It has been the mathematical gaze – the acute vision of mathematicians such as Hausdorff or Mandelbrot – that has allowed us to recognise the ubiquity of fractals in nature.
The mathematician’s gaze, but also the poet’s gaze. Of the countless examples that could illustrate the coincidence in this case between the poetic and mathematical vision of reality, I have chosen two poems: a rhyme by Bécquer and some verses by Neruda.
To describe the vaporous essence of poetic inspiration, “the mysterious perfume of which the poet is the vessel”, Bécquer used objects whose subtle and ethereal nature contrasts with the solidity of their three-dimensional constitution in a famous rhyme:
“I am snow on the summits,
I am fire on the sands,
blue wave on the seas
and foam on the shores”.
The poet’s vision has brought together in these four verses as many objects that are equivocally three-dimensional: think of the emptiness of freshly fallen snow, the inapprehensible breath of a flame, the transparency of the “blue wave” of the sea that turns it into a disembodied colour, ungraspable by the eye, a chaotic colour that is not one but many, or the porous fabric of a shred of foam.
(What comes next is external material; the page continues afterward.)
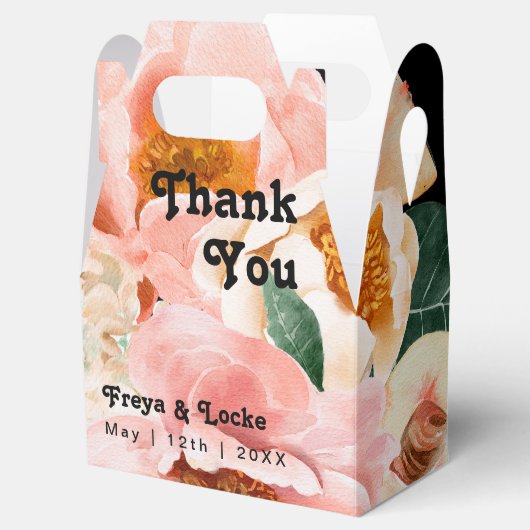 はっきりしたカラフルフローラ |黒い結婚式の引き出物ボックス フェイバーボックス (オープン)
Let us now consider the opening lines of poem 18 of Pablo Neruda’s Twenty Love Poems and a Song of Despair. To envelop the unreality of love exercised at a distance, “I love what I don’t have. You are so distant”, Neruda used objects of a clearly fractal nature in this poem:
“Here I love you.
In the dark pines the wind unravels.
The moon shimmers on the wandering waters.
The same days are chasing each other.
The mist is unravelled in dancing figures.
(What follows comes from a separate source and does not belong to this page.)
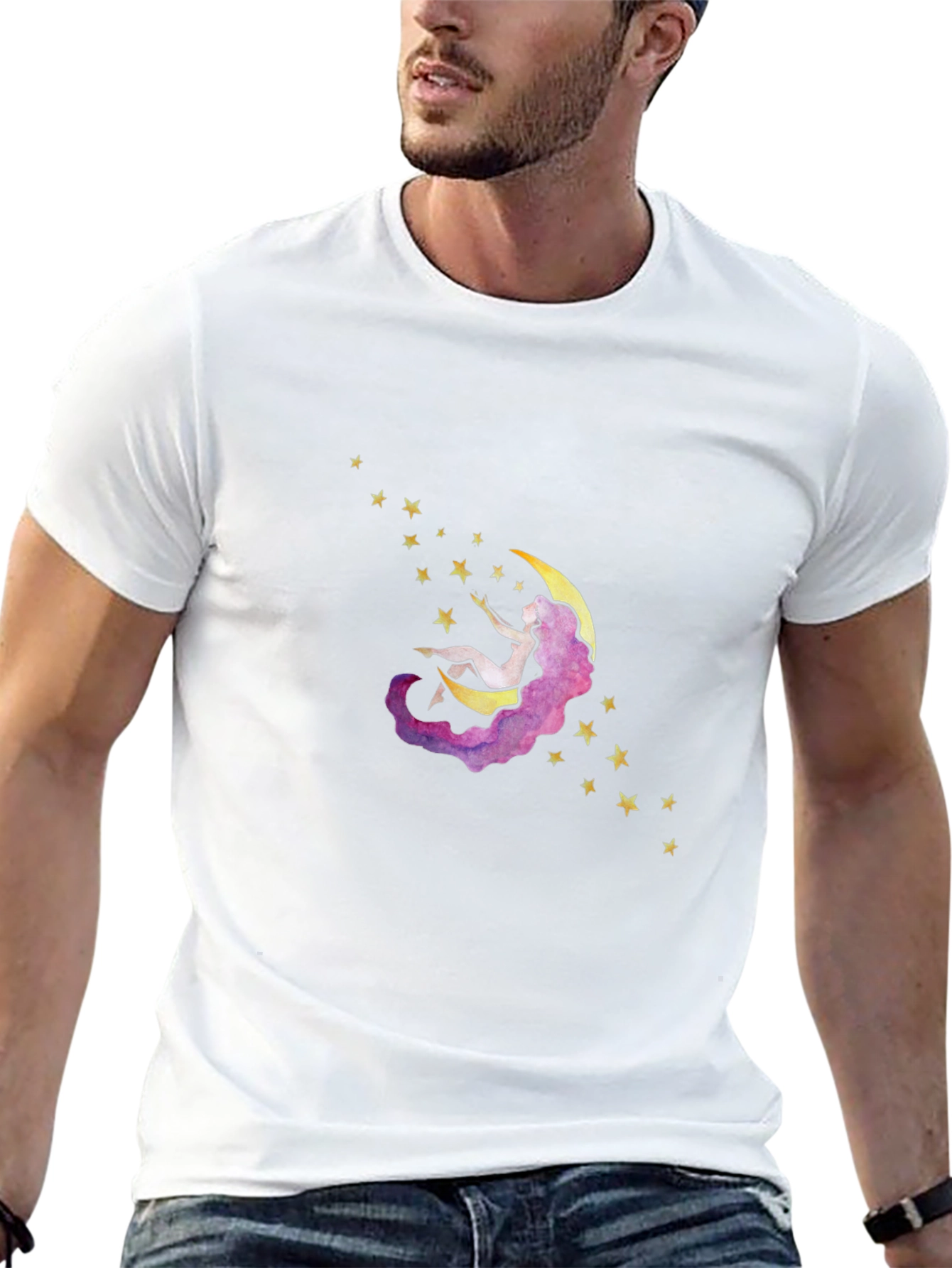 Moon Dreamer T-Shirt - Black Cotton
A silver seagull hangs from the sunset.
Sometimes a sail. High, high are the stars.”
Think of the dense web of pine needles, where the wind unravels, the porous foam that culminates those wandering waters on which the moon glows, or the inapprehensible breath of a dancing swirl of mist. To which we must add the ubiquity of the high stars, those points that take root in the sky forming a mosaic of light whose complexity, ungraspable by the eye, almost reaches two-dimensionality.
All these ambiguities are, in fact, a consequence of the fractal nature of these objects. It happens that our poor visual perception is incapable of appreciating the reality of their fractional dimension; a reality that, on the other hand, is revealed when we apply Hausdorff’s sharp scalpel of dimension or the acute dreamlike intuition of Bécquer or Neruda.
References
Antonio J. Durán, Pasiones, piojos, dioses… y matemáticas, Destino, Barcelona, 2009.
Antonio J. Durán, La poesía de los números, RBA, Barcelona, 2011.
The examples in the article are poems that _refer_ to fractal forms, but the poetic form itself can have fractal properties. Take Blake’s ‘The Tyger’: Tyger, tyger, burning bright / In the forest of the night etc.
The basic rhythmic unit, the trochee, beat-offbeat, Ty-ger, which we can represent by 2-1, is copied (Ty-ger, ty-ger; 2-1. 2-1) and creates the same form on a larger scale: Tyger (2), tyger (1), the first ‘Tyger’ being more prominent than the second, like the two syllables in Ty-ger.
The process continues: Tyger, tyger (2), burning bright (1), and also Tyger, tyger, burning bright (2) in the forests of the night (1). And the first two lines of the stanza (2) and the second two (1).
The recursive and scaled rhythmic structure could be seen as the subject of the poem as well as the beautiful/frightening tiger itself: the stanza ends with ‘What immortal hand or eye / Could frame thy fearful symmetry’, i.e what powerful creative force could form and shape such frightening/amazing symmetry: the recursive and scaled elements of the poem itself could be seen as a special kind of symmetry.